Title: 1Ds3 mini review
Post by: Ray on December 10, 2007, 03:50:39 PM
Jack,
At ISO 1600 I see no practical difference at all between the 1Ds2 and 1Ds3, even at 200% enlargement.

The only thing apparent is that the 5D image is slightly softer. But you might expect it to be because it's been uprezzed. After a modest amount of sharpening, 100% at 0.6 pixel radius, the 5D image also looks on a par with the other two for all practical purposes.

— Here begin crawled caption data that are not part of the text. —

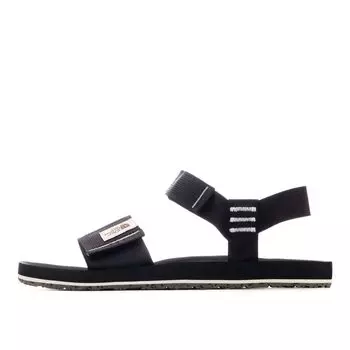 Женские сандалии Skeena Sandal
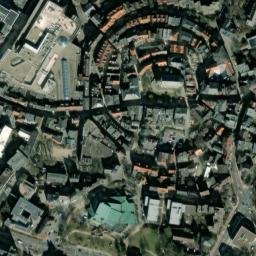 Satellite imagery of Tinsberg, DE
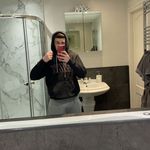 Jamie Butterworth - @jamie.butterworth - Instagram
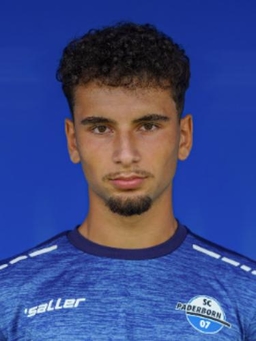 Avatar Bild für Ali Kemal Altay
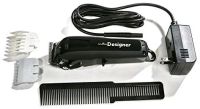 Лот: 11673797. Фото: 4. Wahl magic clip designer. Красноярск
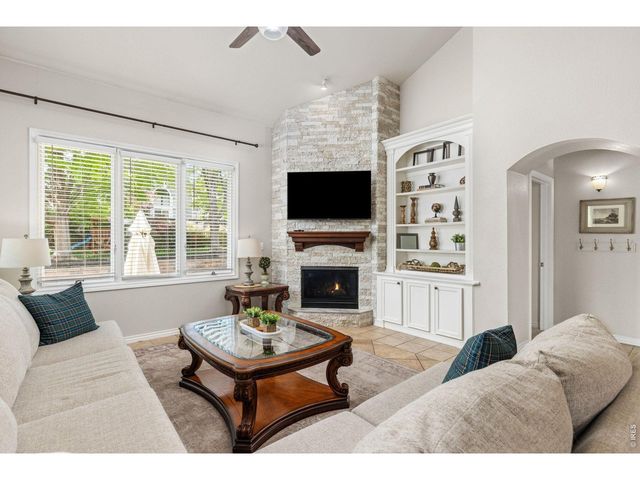 5119 Hogan Ct, Fort Collins, CO 80528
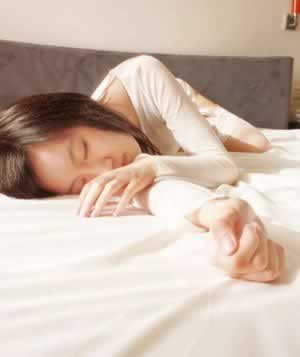 �����㣡10�������Թ�����ƫ��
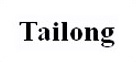 Tailong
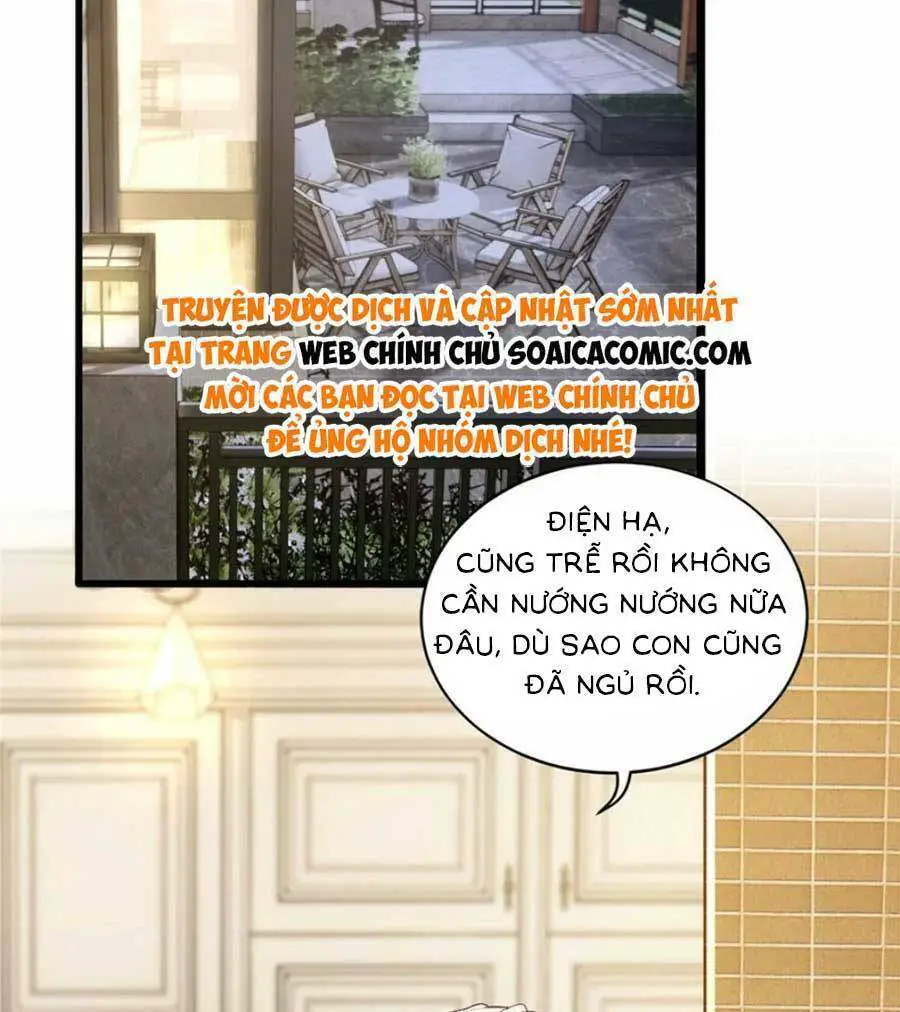 Cô Vợ Của Tôi Không Dễ Bắt Nạt Nettruyen ZZZ Chương 90 Page 19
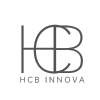 HCB Innova Gris
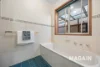 23 Cove Circuit, Seaford Rise, SA 5169-Image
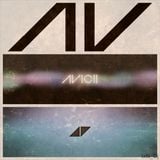 Avicii Past, Present & Future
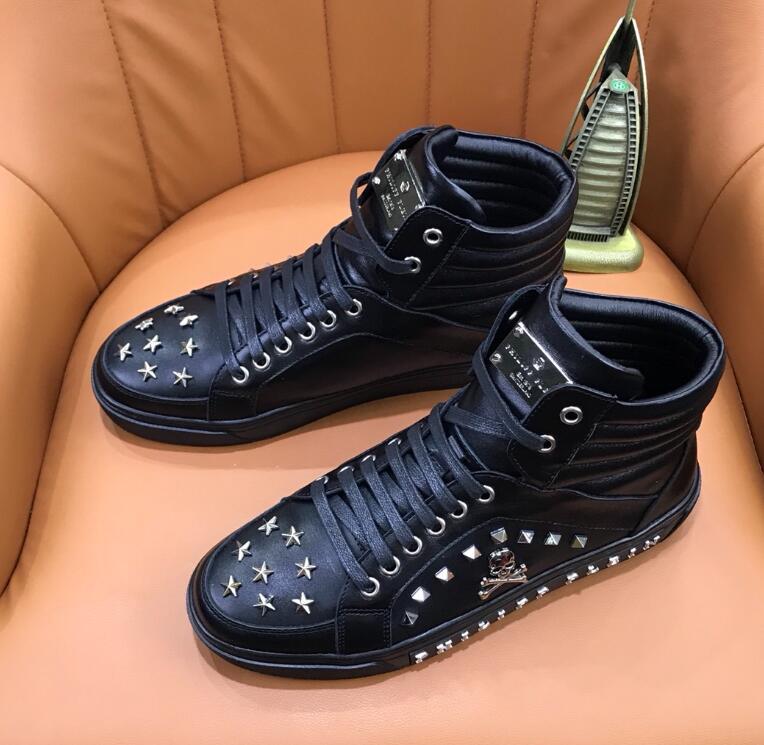 Chloe’s Picks - PHP Shoes - 078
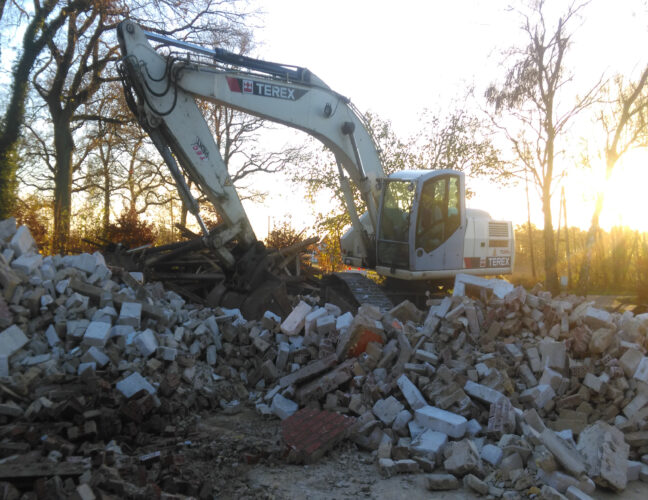 bagger-ohne-logo-lk_2_terex_sonne_hohe-aufloesung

A 200% enlargement on a computer monitor represents a really huge print.
Title: 1Ds3 mini review
Post by: jjj on December 10, 2007, 03:57:41 PM
Quote
FWIW, ISO 1600 crops now posted: http://forum.getdpi.com/forum/showthread.php?t=188&page=6 (http://forum.getdpi.com/forum/showthread.php?t=188&page=6)
[a href=\"index.php?act=findpost&pid=159701\"][{POST_SNAPBACK}][/a]
Interesting images. Based on them, I would rather add a Hasselblad to my armoury than a 1DsIII as there appears to be so little difference compared to the 5D. And for that much extra, I'd expect a big difference.
And I know a Hassie doesn't do 1600 before anyone points that out.
Title: 1Ds3 mini review
Post by: Mark D Segal on December 10, 2007, 04:23:05 PM
Quote
Paprazzi ofter buy the biggest and best cameras, yet quite a few of them use them as point and shoots as they don't care about image quality and actually know very little about photography, bar that selling a picture of a celebrity looking crap can easily pay for such gear.
[a href=\"index.php?act=findpost&pid=159729\"][{POST_SNAPBACK}][/a]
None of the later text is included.